The hearing was the first, and likely only, chance for newly empowered Democrats in the majority to grill an attorney general they perceive as a Trump loyalist and whose appointment they suspect was aimed at suppressing investigations of the Republican president. Republicans made clear they viewed the hearing as pointless political grandstanding especially since Whitaker may have less than a week left as the country’s chief law enforcement officer.
“I’m thinking maybe we just set up a popcorn machine in the back,” said Rep. Doug Collins, the committee’s top Republican.
Collins, of Georgia, called it a “dog and pony” show and criticized Democrats for disclosing derogatory information about Whitaker’s business dealings hours before the hearing.
Whitaker vented frustration early on as he repeatedly insisted that he would not discuss his conversations with Trump and tried to shift attention to the conventional work of the Justice Department.
“Mr. Chairman, I see that your five minutes are up,” Whitaker said to the committee’s Democratic leader, Rep. Jerrold Nadler of New York.
But Nadler, who a day earlier had threatened to subpoena Whitaker to ensure his appearance, left no doubt about his party’s focus.
“You decided that your private interest in overseeing this particular investigation — and perhaps others from which you should have been recused — was more important than the integrity of the department.
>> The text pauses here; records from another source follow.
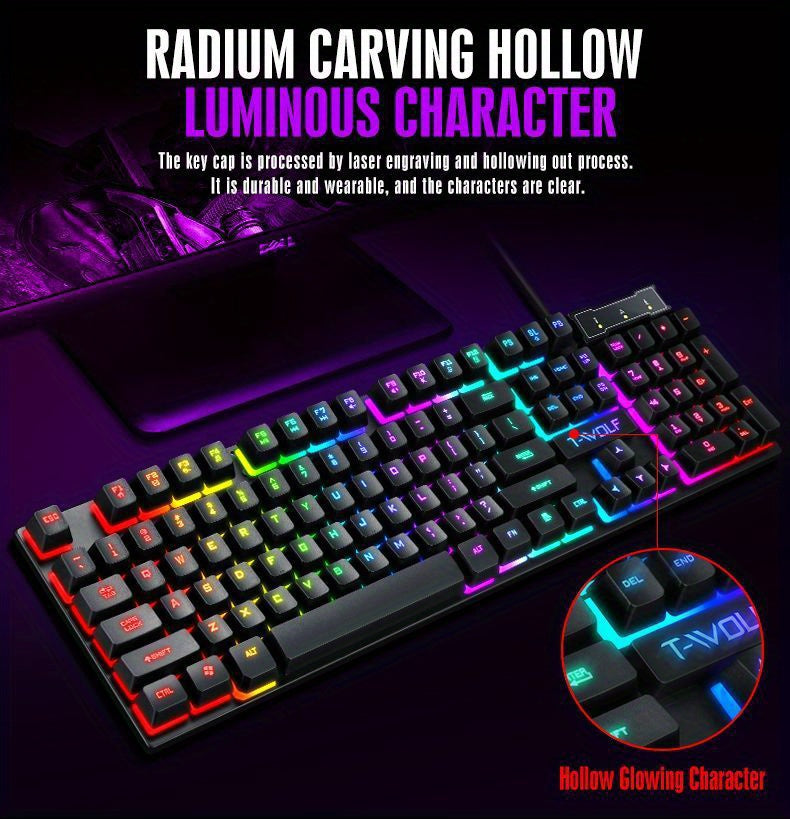 TF200 Gaming Keyboard USB Floating Mechanical Hand Feeling Wired Keyboard And Mouse Set For Gaming And Office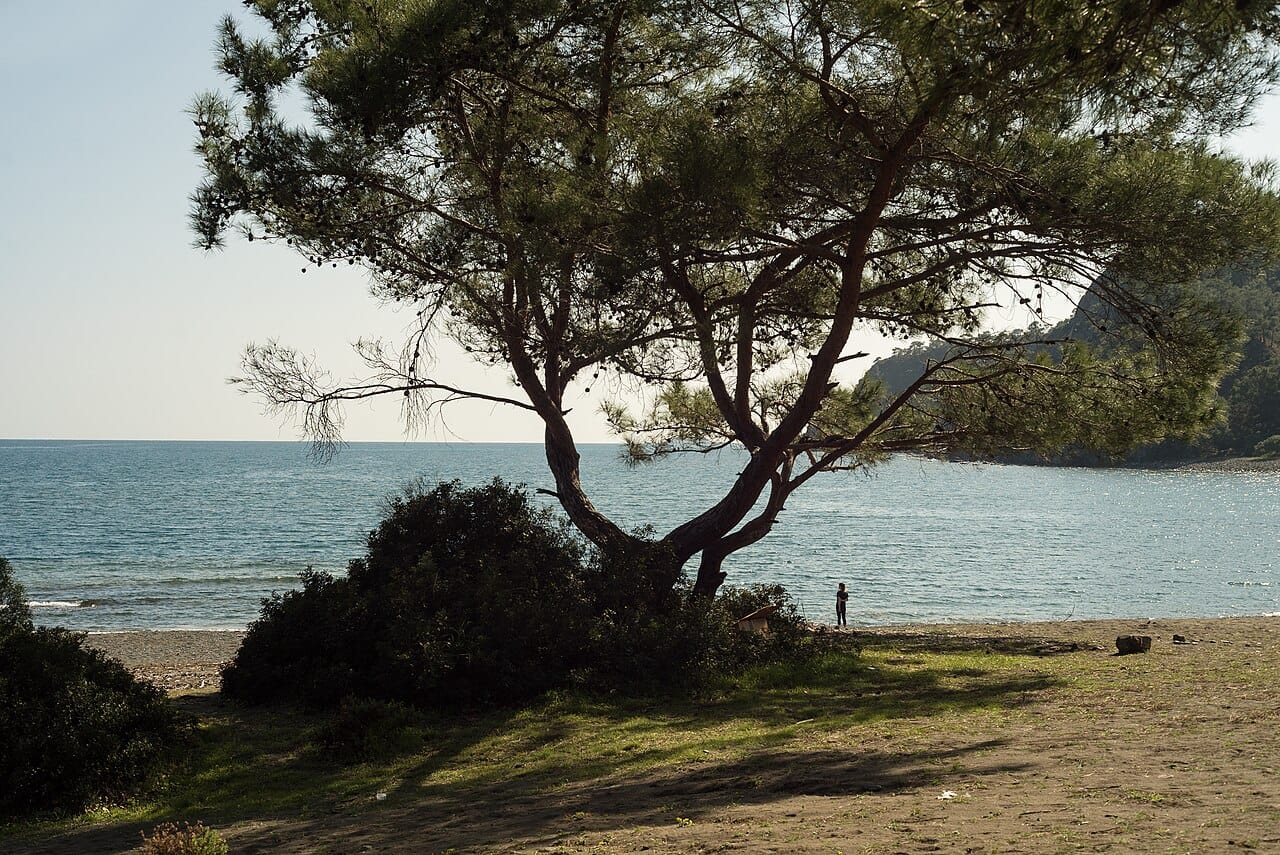 Phaselis Beach in Tekirova, Antalya, Turkey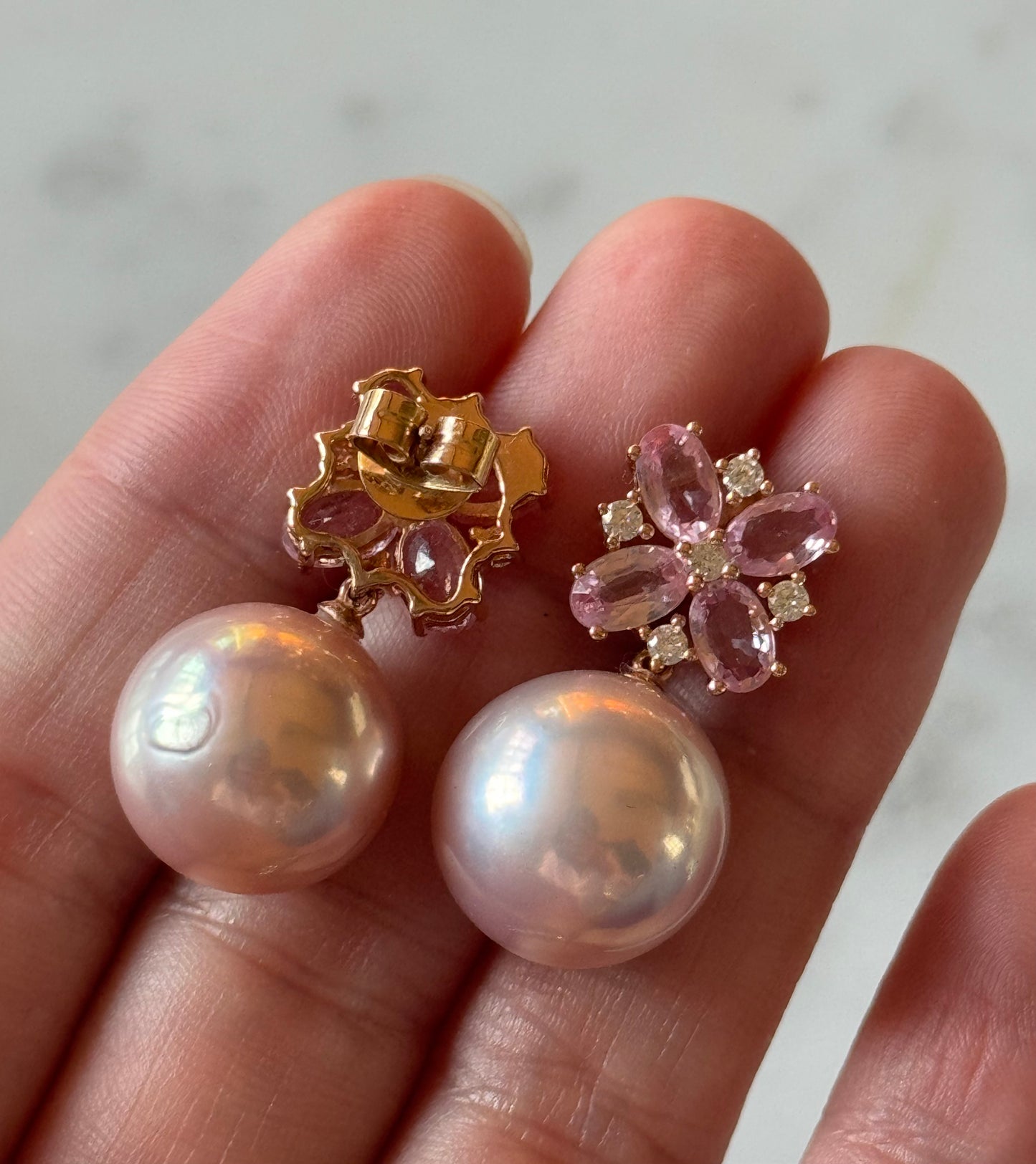 Pink Sapphire, Diamond & Cultured Pink Pearl Earrings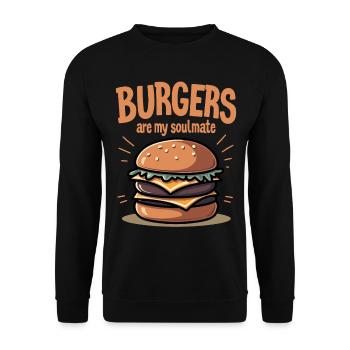 Burgers are my Soulmate Hamburger Fast Food - Unisex Pullover - Schwarz - Vorne - Alina (178cm) & Michal (187cm)
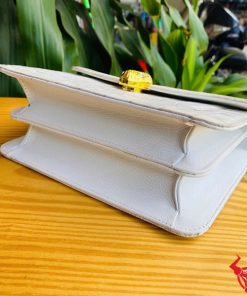 Hình ảnh túi xách da cá sấu bạch tạng HM-16, quai vàng rắn, đặt trên bàn gỗ, nổi bật với phong cách sang trọng.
The question that this Committee must now ask is: Why?”
Whitaker laid the groundwork for a likely tussle with Democrats by saying in his opening statement that while he would address their questions, he would not reveal details of his communications with Trump.
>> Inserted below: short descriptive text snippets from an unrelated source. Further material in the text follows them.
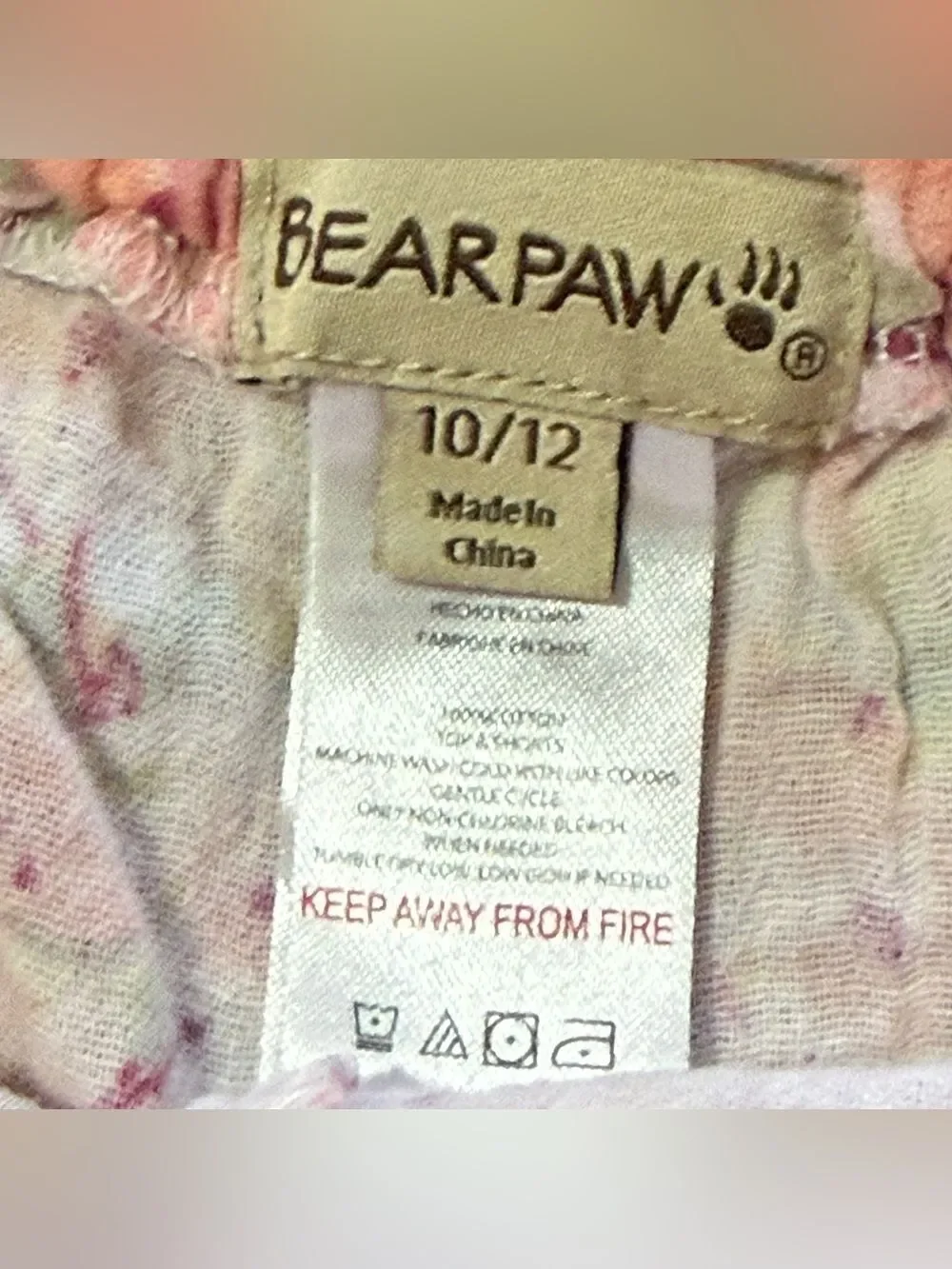 Bear Paw Girl’s Pull On Shorts Elastic Waist Floral Scalloped Hem Pink Green 10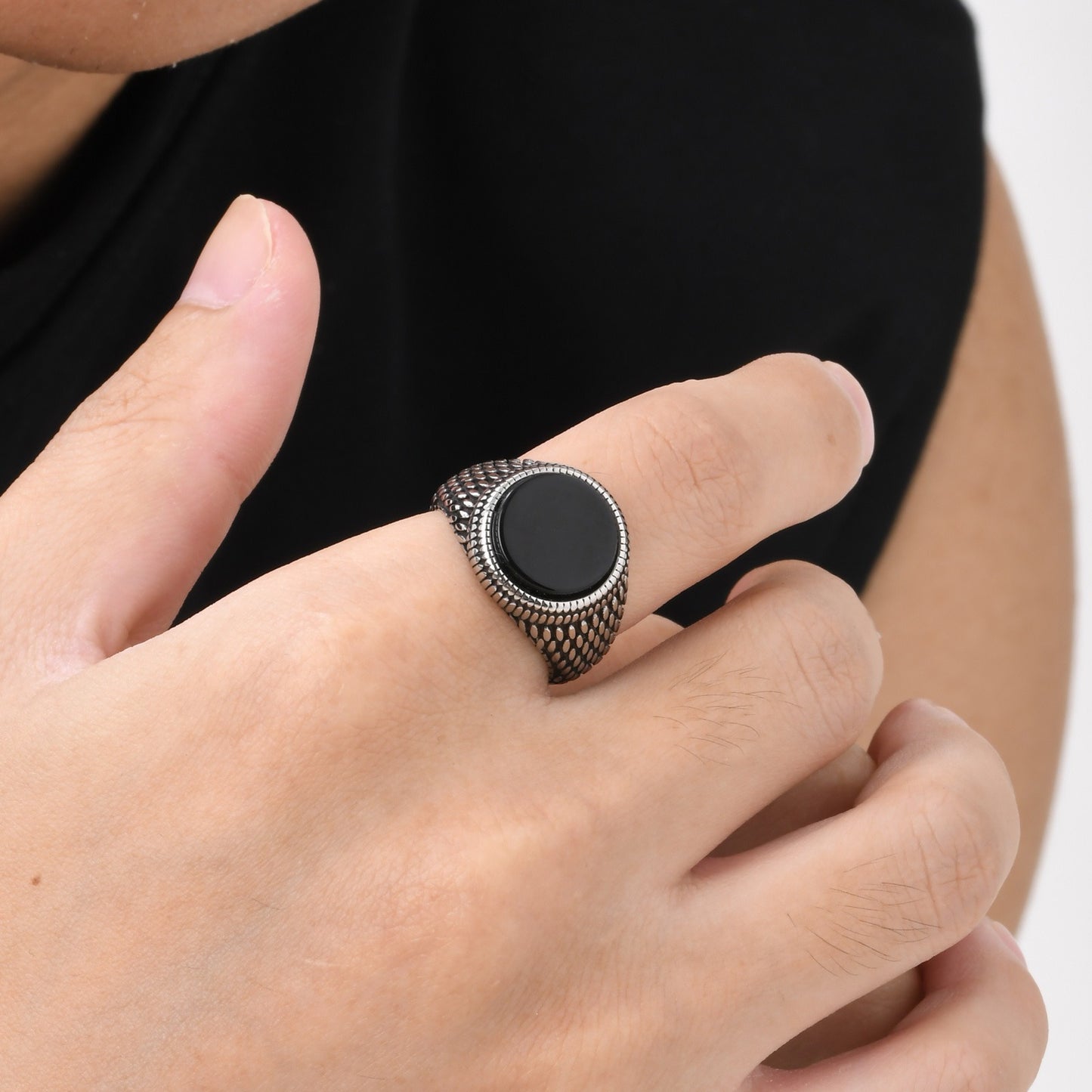 Men’s Stainless Steel Signet Ring – Natural Stone Seal Design (Black Onyx / Turquoise / Tiger Eye) RC-685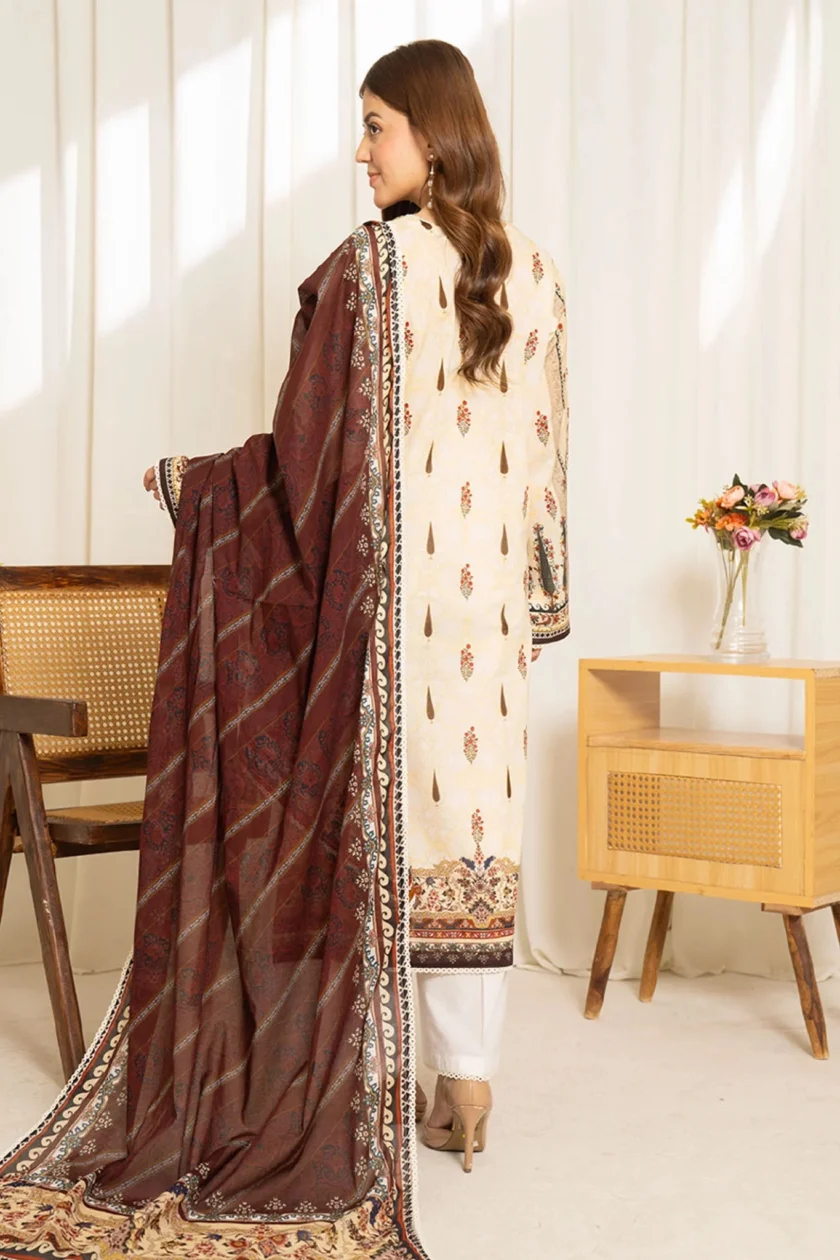 Unstitched 3Pc Printed Lawn Dress Coco Sule 12 - Image 3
“I trust that the members of this committee will respect the confidentiality that is necessary to the proper functioning of the presidency — just as we respect the confidentiality necessary to the legislative branch,” Whitaker said.
He told lawmakers that there has been no change since his arrival in the job in the “overall management” of Mueller’s investigation. He said that he has run the Justice Department to the best of his ability, with “fidelity to the law and to the Constitution” and had never given any promises.
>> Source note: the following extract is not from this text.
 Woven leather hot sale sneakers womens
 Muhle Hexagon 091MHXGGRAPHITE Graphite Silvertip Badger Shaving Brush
Whitaker is likely in his final days as the country’s chief law enforcement officer because the Senate plans to vote soon on confirming William Barr, Trump’s pick for attorney general.
Whitaker’s highly anticipated testimony Friday had been in limbo after the Democratic-led committee approved a tentative subpoena to ensure that he appeared and answered questions. Whitaker responded by saying that he would not come unless the committee dropped its subpoena threat, which he called an act of “political theater.”
The stalemate ended Thursday evening after the committee chairman, Nadler, said the committee would not issue a subpoena if Whitaker appeared voluntarily.
Democrats who perceive Whitaker as a Trump loyalist were expected to ask him whether he has made any commitments to the president about Mueller’s Russia investigation and whether he has shared with Trump any inside information. Also expected to come up was Whitaker’s comment last week that he believed the investigation into potential ties between Russia and the Trump campaign was nearly done.
Democrats said they would inquire about Whitaker’s past business dealings, too. Nadler and three other House committee chairmen released documents that they said show Whitaker failed to return thousands of dollars that were supposed to be distributed to victims of a company’s alleged fraud.
Whitaker has come under scrutiny for his involvement with the invention promotion company, which was accused of misleading consumers and has been under investigation by the FBI.
Whitaker had been chief of staff to Attorney General Jeff Sessions, who was forced from the Cabinet last November as Trump seethed over Sessions’ decision to step aside from overseeing the Russia investigation. Whitaker was an outspoken critic of the investigation before arriving at the Justice Department in 2017.
Trump insists there was “no collusion” between his campaign and Russia.